A third-party email gateway relay is refusing to process a message for an email address we're sending to. The address is in the format of firstname..lastname@recipientdomain.com (note the two periods). Is this allowed by RFC guidelines?
RFC 2822 seems to object to this in section 3.4.1:
The locally interpreted string is either a quoted-string or a
dot-atom. If the string can be represented as a dot-atom (that is, it
contains no characters other than atext characters or "." surrounded
by atext characters), then the dot-atom form SHOULD be used and the
quoted-string form SHOULD NOT be used.
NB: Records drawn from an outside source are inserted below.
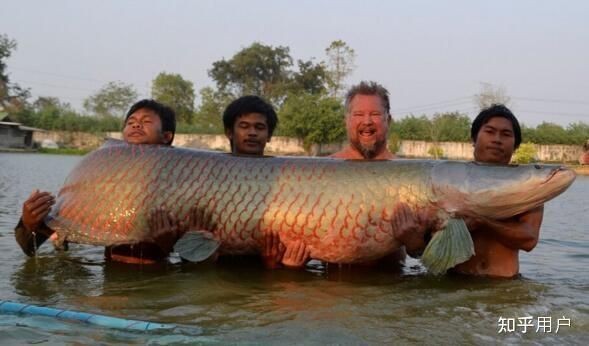 巨骨舌魚有天敵嗎：亞馬遜河流域頂級巨骨舌魚捕食未成年巨骨舌魚主要天敵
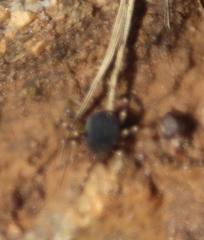 Hyalomma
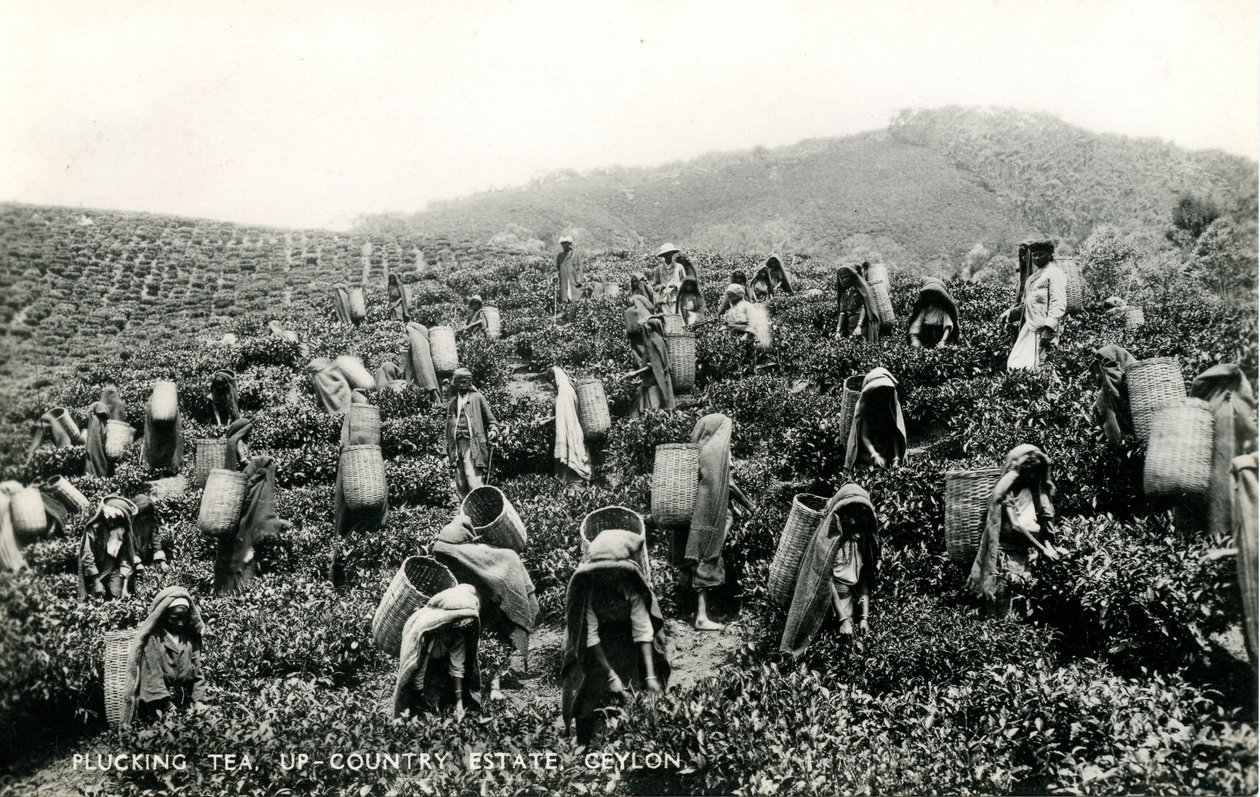Teepflücken, Hochlandplantage, Ceylon, ca. 1900-1930 von Ltd. Ceylon Plâté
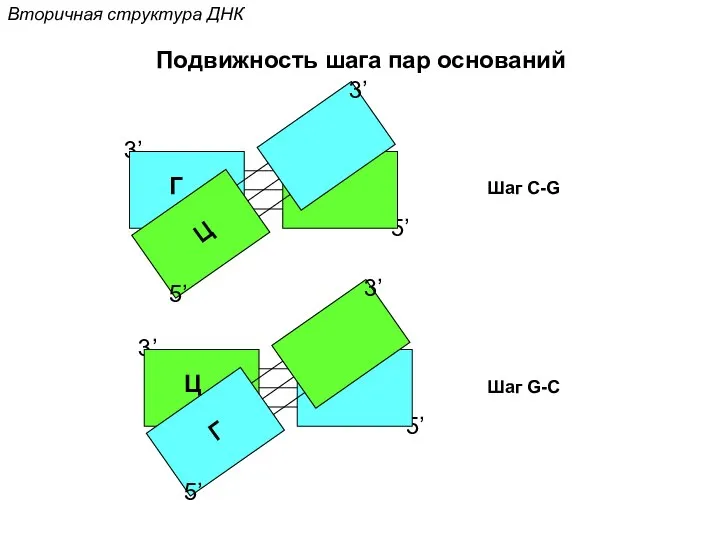 5’ Вторичная структура ДНК Подвижность шага пар оснований 3’ Г Ц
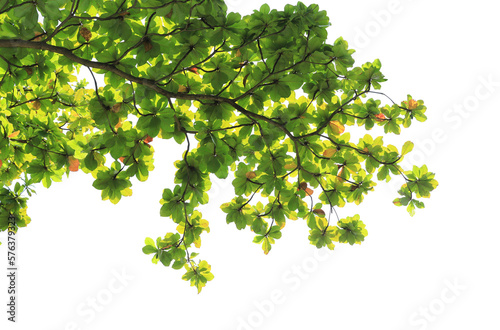 Green leaves and branches on transparent background png file.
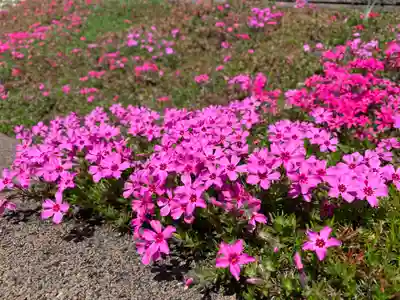 普門寺(切り絵御朱印発祥の寺)(愛知県)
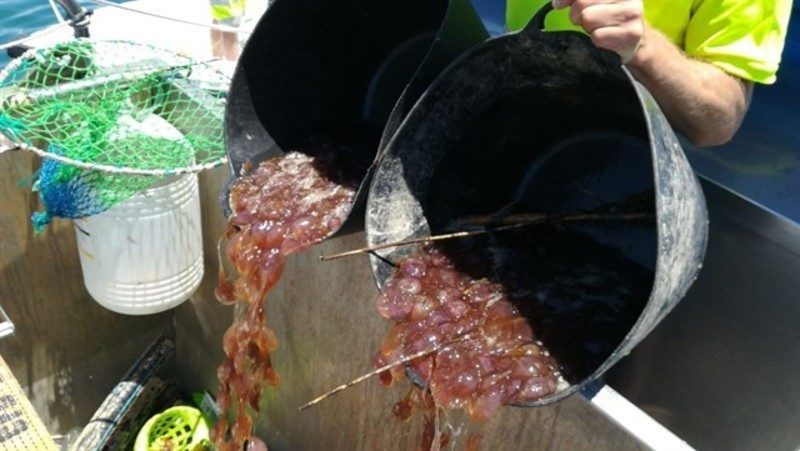 Recogidas 47 toneladas de residuos orgánicos en aguas del litoral de la Axarquía malagueña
Comments and folding white
space SHOULD NOT be used around the "@" in the addr-spec.
Furthermore, in that same section, it references this:
addr-spec = local-part "@" domain
local-part = dot-atom / quoted-string / obs-local-part
I interpret this to mean that the localpart can have content separated by dots but there cannot be two successive dots, and it cannot start or end with a dot. That being said, I'm not familiar with dot-atom syntax so maybe I'm mistaken here.
Can someone please confirm and explain?
Best Answer
Yes you are correct. The section you quoted says that it must be a quoted string OR a dot atom. Since its clearly not a quoted string (the lack of enclosing
"
makes that clear) it must be a dot-atom...That leads us to the definition of dot-atom:
Look at this except from RFC 5322 (3.2.3 - page 13) (RFC 2822 contains a similar section) the hint is the
1*
indot-atom-text = 1*atext *("." 1*atext)
. This effectively means that a dot-atom is made up of strings of one or more "atext" characters separated by dots. A string of 0 atext characters does not count and so you can not have two successive dots (seperated by 0 characters) or a leading or trailing dot.